Work to complete =>
Check each line of the entries below for the word "your", and copy the lines that have it.

Task inputs =>
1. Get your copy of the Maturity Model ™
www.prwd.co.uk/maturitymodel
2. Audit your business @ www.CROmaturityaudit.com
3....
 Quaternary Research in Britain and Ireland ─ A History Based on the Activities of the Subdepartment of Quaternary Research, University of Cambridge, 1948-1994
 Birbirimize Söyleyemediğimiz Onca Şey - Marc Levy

Exercise result =>
1. Get your copy of the Maturity Model ™
2. Audit your business @ www.CROmaturityaudit.com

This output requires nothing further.